La casa delle estati lontane. Israele, 1995. La pace è finalmente tangibile. Nella piccola città di Atlit, Cali ritrova le sue due sorelle, Darel e Asia, per vendere la casa ereditata dai genitori. Tra momenti di complicità e incontenibili risate, riaffiorano i dubbi e gli antichi dissapori, ma appaiono anche strani convitati che seminano un’allegra confusione. Il 4 novembre il processo di pace viene annientato, ma le tre sorelle rifiutano di abbandonare la speranza.
LA CASA DELLE ESTATI LONTANE racconta la storia di tre sorelle che si ritrovano in occasione della vendita dell’eredità di famiglia: una casa in Israele…
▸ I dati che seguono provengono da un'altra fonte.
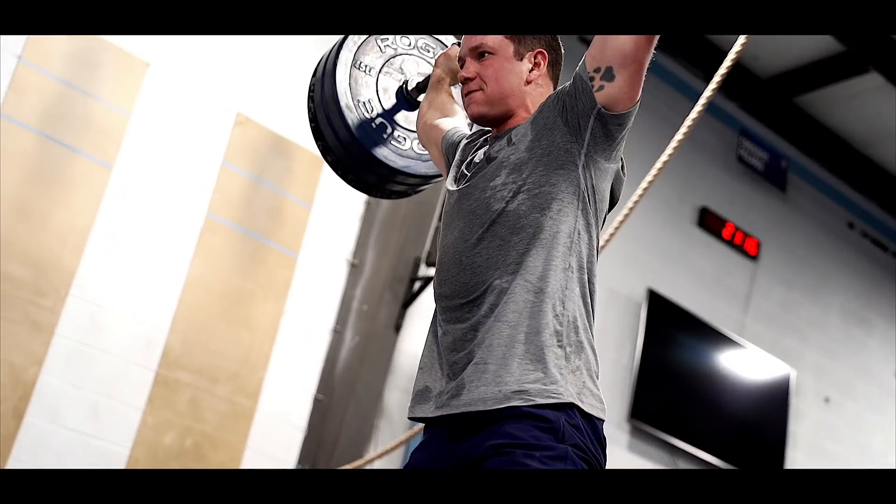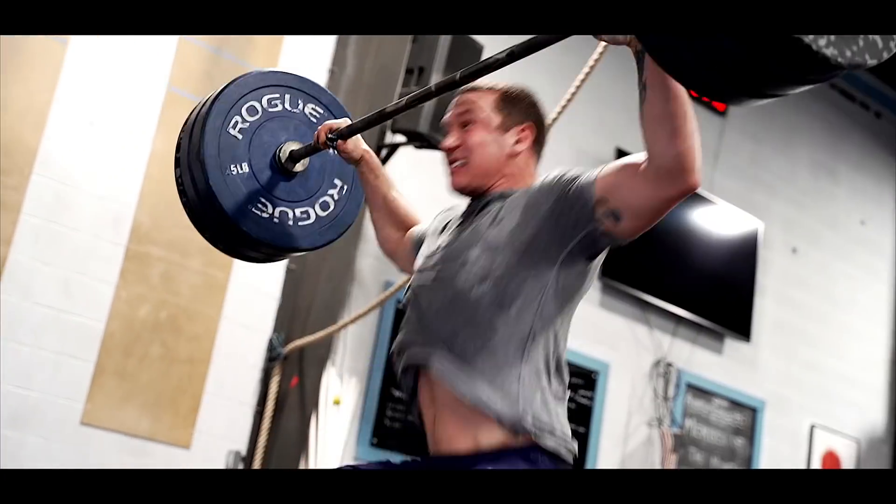We just finished the bike and snatch workout — it was really fun. We usually go down on the damper but this time we went up, and my quads and butt were super pumped walking to the bar. I was thinking, 'Am I going to be able to snatch this?' but the snatches were just floating up — they felt really great. If I could pick a workout, that would probably be it for me: C2 bike and a snatch ladder — two things I'm fairly good at and really enjoy.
Il punto di partenza di LA CASA DELLE ESTATI LONTANE è l’idea che la pace può avere inizio solo quando si conosce e si occupa il posto giusto. Avere dei fratelli o delle sorelle è una ricchezza: può essere un’esperienza divertente e leggera, ma può anche capitare di vivere atti di violenza e di sentirsi feriti. A volte è una guerra, una guerra di luoghi. Tra fratelli o sorelle si è costretti a condividere, ma i primi conflitti iniziano con la frase: «È mio!». Un’eredità solleva una serie di quesiti sul concetto di spazio perché probabilmente è l’ultima cosa che si divide. Quando si arriva a contemplare anche l’idea del “è nostro” e del “è tuo”, la pace diventa possibile. E poi tutto è animato dai nostri demoni personali ai quali forse accordiamo un posto eccessivo.
Il fatto che il paese sia Israele amplifica la problematica del concetto di spazio…
Il concetto di spazio non è semplice in alcun luogo, ma effettivamente in Israele assume le dimensioni di un labirinto infinito e irto di spine. La mia generazione è cresciuta con un mito: «Prima non c’era niente. Abbiamo costruito un paese, quindi adesso noi qui siamo a casa nostra, nel posto che ci spetta…». Solo che il popolo palestinese reclama quella stessa terra che da allora non è altro che un teatro di guerra. Senza entrare nei dettagli storici o nelle prese di posizione politiche, ho voglia di dire che per la mia pace personale, ho bisogno che anche l’altro abbia il suo giusto spazio e luogo. Ho scelto un momento nella storia di Israele in cui il paese era a due centimetri dalla pace. Tre sorelle che si prendono per i capelli mentre il paese parla di pace. E poi, tre sorelle che si ritrovano mentre il paese perde la speranza.
Scegliendo di ambientare il racconto in un interno, la storia politica assume ancora più importanza poiché siamo portati a leggere la storia di questa famiglia come metafora di questa. La storia delle tre sorelle, del loro rispettivo posto, dei loro conflitti, possono effettivamente estendersi e portarci a parlare di Israele e della Palestina. Ogni nazione ha bisogno di avere un suo territorio delimitato da confini chiari e precisi. Anche all’interno di una famiglia bisogna sapere porre dei limiti. Lo spazio chiuso mi interessava anche perché avevo voglia di raccontare l’incontro a distanza di anni di queste tre sorelle in un luogo e un tempo unici senza che si sappia troppo delle loro vite. Quello che avviene in quella decina di giorni avviene soltanto lì.